2. Not to believe that there exist any other gods.
3. To believe that God is an absolute, non-composite, and all-encompassing unity.
4. To love God.
5. To fear–be in awe of–God.
6. To shield one's mind from negative thoughts.
The Torah designated six Cities of Refuge to serve as refuge and protection for those guilty of manslaughter. The guilty individual is instructed to flee to one of these cities and remain within it. The six constant mitzvot are enumerated in the introduction to Sefer HaChinuch, who refers to them allegorically as "the six cities of refuge."
Just as the person guilty of manslaughter is instructed to flee to one of the six cities, so is every Jew instructed to enter all of these six continuous commandments of the Torah and never leave them.
Constructing a Spiritual Sanctuary
Essentially, the meditation of Living in Divine Space is to picture oneself inside a cube–to construct around oneself a spiritual sanctuary or Temple–defined by these six mitzvot, as follows:
1. Above: the belief in the existence and providence of God.
2. Below: the negation of belief in other gods.
3. Front: the belief that God is one.
4. Right: the love of God.
5. Left: the fear of God.
6. Behind: the shielding of the mind from negative thoughts.
Torah Orientation sees man as facing east (sunrise). Thus, the south is to his right, north to his left, and west (sunset) behind him.
The numerical value of the three letters of the word for One (Echad ) in the verse "Hear O' Israel, God is our God, God is One" is 1, 8, and 4.Our sages interpret these three letters to allude to God being One (1) in all seven heavens and earth (8) and four lateral directions (4). In one's spiritual sanctuary, "above" includes all seven heavens and "below" the earth. The four lateral directions–east, west, south, and north–correspond to front, back, right, and left, respectively, as stated previously.

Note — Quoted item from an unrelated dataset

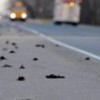 03.11.2012 / Kıyamet Alameti mi?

In Chassidut, we are taught that human consciousness develops from first recognizing the vertical space coordinate of above-below. Thereafter, it is possible to incorporate into one's full spatial consciousness the world around the horizontal or lateral coordinates of right-left and front-back. This is the order of the letters of Echad, as well as the order of the meditation on the six continuous commandments of the Torah. This meditation begins with the first two of the Ten Commandments, which correspond to the above-below coordinate, and follows with those commandments that correspond to the lateral directions of space.